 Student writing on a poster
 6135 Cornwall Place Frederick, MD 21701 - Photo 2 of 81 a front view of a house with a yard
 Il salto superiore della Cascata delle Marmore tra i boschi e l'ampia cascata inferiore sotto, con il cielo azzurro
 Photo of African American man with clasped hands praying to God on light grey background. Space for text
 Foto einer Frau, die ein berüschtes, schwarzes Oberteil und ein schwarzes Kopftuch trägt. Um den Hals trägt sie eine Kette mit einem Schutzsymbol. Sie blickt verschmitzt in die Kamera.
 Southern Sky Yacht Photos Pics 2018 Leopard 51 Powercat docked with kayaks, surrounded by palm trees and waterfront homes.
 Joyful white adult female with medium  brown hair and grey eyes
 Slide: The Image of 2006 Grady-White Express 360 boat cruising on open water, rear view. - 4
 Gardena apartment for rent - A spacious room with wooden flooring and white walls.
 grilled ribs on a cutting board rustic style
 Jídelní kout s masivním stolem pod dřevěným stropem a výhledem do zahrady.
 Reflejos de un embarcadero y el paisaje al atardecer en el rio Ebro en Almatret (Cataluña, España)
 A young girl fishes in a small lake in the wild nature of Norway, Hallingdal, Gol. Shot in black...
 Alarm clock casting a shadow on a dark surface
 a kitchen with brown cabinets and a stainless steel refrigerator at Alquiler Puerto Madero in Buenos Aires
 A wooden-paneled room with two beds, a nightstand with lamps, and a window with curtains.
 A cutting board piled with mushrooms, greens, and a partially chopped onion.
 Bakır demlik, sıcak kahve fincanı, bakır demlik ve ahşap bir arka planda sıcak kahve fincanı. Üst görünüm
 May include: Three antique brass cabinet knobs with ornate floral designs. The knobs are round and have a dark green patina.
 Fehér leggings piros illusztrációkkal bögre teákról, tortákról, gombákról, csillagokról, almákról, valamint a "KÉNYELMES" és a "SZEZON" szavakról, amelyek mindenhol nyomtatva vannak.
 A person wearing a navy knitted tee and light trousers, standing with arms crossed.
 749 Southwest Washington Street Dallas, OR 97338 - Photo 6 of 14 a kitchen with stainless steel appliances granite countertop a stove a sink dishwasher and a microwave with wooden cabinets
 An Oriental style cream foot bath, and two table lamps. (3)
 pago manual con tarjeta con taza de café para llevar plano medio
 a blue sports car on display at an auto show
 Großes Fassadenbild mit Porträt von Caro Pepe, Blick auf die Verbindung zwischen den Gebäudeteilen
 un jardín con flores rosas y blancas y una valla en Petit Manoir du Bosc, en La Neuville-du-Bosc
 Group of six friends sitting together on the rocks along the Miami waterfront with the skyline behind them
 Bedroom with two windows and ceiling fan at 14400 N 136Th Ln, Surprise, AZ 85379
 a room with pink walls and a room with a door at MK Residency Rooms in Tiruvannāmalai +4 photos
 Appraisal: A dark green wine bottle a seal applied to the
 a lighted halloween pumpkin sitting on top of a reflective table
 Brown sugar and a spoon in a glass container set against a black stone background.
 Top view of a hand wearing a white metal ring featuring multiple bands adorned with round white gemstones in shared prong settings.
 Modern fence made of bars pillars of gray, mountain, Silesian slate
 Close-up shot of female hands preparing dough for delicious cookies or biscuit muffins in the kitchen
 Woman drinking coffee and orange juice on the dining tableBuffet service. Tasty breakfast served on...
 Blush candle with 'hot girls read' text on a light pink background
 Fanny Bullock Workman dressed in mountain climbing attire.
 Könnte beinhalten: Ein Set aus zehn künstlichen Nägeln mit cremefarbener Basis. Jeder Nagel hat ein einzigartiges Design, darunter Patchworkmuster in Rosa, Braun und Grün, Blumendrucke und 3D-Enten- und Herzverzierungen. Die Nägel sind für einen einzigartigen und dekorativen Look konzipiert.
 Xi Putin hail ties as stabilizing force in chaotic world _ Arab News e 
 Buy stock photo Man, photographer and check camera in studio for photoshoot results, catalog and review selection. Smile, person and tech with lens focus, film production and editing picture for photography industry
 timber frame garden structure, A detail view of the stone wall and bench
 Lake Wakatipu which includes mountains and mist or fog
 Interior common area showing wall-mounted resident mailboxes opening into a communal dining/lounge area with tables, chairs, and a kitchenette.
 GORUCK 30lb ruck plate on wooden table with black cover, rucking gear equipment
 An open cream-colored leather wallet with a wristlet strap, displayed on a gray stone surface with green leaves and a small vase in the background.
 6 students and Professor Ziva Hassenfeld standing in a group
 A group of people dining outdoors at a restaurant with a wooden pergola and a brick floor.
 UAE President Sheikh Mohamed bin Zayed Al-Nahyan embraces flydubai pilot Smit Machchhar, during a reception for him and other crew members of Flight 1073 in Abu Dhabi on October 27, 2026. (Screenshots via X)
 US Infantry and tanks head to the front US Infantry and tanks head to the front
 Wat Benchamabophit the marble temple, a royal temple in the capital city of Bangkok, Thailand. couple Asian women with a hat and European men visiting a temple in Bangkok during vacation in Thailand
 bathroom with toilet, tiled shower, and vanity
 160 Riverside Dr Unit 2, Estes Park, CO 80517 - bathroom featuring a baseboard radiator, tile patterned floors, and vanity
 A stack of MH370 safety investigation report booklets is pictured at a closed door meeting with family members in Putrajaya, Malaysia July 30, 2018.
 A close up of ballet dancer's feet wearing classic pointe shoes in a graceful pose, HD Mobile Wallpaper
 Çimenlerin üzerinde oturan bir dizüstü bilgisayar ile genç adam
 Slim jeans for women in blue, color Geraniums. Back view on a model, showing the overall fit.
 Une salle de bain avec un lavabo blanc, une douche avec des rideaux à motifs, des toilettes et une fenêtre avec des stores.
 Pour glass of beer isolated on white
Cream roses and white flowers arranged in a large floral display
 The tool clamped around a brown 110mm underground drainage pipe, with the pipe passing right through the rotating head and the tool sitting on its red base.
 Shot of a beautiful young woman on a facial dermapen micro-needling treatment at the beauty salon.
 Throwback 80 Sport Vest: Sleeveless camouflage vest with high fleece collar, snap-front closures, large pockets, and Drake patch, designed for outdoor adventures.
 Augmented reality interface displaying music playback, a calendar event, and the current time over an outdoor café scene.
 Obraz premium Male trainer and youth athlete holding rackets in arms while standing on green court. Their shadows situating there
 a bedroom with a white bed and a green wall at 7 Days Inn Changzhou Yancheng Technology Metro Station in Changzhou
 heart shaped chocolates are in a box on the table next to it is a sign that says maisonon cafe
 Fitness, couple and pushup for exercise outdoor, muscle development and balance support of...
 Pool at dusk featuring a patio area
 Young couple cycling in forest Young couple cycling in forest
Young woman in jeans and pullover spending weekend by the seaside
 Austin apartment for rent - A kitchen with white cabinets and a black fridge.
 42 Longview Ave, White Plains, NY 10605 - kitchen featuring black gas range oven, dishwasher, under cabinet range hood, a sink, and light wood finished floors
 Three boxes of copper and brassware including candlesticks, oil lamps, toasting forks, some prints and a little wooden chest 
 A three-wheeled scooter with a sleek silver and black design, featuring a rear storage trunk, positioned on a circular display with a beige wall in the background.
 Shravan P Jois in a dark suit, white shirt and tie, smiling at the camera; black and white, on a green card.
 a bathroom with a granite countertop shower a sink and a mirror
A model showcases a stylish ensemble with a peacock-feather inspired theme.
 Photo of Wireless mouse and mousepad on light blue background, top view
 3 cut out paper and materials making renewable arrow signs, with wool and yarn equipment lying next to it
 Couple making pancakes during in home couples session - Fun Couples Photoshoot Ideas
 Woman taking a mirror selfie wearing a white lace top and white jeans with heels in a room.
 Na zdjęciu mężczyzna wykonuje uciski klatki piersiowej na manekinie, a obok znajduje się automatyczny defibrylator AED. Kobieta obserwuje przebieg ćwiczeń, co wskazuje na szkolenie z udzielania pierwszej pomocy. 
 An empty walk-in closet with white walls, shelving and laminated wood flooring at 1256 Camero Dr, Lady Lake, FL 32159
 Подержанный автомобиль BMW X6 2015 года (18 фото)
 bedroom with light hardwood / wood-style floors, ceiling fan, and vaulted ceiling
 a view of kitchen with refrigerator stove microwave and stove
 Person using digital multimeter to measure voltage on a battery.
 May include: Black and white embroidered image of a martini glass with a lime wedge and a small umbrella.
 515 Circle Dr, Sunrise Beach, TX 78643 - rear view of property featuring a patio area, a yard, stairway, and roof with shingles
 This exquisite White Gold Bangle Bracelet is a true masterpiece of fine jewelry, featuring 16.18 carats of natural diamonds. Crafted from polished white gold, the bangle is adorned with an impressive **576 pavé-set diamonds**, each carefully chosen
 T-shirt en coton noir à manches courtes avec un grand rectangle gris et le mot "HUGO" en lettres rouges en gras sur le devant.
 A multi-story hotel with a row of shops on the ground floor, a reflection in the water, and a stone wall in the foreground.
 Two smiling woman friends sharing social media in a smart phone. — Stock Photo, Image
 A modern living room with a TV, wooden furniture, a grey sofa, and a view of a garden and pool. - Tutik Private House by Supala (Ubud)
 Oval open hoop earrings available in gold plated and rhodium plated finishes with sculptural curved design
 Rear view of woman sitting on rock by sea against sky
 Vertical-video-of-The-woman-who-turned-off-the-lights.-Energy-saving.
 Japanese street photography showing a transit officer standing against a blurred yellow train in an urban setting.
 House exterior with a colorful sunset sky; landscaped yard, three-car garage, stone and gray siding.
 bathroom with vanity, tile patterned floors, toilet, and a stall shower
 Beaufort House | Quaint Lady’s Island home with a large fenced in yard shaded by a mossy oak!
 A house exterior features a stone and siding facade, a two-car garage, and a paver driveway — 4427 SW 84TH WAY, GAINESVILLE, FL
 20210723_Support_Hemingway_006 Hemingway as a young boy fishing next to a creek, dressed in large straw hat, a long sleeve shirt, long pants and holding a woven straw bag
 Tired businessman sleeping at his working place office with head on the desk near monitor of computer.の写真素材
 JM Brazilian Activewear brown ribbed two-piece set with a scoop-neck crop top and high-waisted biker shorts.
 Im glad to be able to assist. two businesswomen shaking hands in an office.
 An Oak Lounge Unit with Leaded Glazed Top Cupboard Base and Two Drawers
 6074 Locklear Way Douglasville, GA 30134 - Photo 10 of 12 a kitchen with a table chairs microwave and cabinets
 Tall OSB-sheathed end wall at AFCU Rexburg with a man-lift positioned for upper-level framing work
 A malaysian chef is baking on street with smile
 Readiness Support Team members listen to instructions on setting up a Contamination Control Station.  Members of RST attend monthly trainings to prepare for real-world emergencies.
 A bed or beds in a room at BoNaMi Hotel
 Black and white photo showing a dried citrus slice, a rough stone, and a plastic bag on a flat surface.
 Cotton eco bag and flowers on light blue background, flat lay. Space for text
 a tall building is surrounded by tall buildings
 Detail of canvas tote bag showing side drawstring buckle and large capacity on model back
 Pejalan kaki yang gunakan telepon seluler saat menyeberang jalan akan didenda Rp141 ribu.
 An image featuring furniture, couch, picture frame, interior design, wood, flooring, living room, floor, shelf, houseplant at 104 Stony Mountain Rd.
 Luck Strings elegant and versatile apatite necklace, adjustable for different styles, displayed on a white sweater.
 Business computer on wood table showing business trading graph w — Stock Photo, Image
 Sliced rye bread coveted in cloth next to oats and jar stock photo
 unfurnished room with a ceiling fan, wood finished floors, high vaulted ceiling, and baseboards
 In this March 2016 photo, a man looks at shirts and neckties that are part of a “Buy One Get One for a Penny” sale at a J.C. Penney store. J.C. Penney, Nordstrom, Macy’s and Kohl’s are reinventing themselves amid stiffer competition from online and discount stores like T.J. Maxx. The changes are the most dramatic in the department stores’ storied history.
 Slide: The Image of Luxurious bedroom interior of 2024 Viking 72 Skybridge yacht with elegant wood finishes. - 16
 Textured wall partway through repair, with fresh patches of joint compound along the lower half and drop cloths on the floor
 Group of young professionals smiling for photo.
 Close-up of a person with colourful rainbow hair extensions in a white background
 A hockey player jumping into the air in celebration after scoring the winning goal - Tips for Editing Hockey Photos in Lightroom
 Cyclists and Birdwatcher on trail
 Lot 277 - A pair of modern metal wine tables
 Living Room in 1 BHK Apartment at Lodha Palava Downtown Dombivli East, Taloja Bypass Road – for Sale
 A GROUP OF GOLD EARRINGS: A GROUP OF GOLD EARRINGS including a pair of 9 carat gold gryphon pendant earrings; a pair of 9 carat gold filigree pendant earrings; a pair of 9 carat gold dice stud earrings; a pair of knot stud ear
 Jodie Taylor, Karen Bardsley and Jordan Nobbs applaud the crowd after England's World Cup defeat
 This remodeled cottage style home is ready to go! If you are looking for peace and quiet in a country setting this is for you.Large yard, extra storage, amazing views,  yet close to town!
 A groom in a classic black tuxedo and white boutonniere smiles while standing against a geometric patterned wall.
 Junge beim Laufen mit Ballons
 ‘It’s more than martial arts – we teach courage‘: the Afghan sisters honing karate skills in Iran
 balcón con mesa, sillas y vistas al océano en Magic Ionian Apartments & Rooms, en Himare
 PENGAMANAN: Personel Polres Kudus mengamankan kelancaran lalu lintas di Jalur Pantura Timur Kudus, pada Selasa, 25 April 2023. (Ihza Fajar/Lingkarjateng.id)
----------------
§ EXERCISE PROMPT:
Only one stretch of the entries above is wanted: the lines from the one containing "A bed or beds in a room at BoNaMi Hotel" through the one containing "Detail of canvas". Please reproduce it exactly.

§ YOUR RESPONSE:
 A bed or beds in a room at BoNaMi Hotel
 Black and white photo showing a dried citrus slice, a rough stone, and a plastic bag on a flat surface.
 Cotton eco bag and flowers on light blue background, flat lay. Space for text
 a tall building is surrounded by tall buildings
 Detail of canvas tote bag showing side drawstring buckle and large capacity on model back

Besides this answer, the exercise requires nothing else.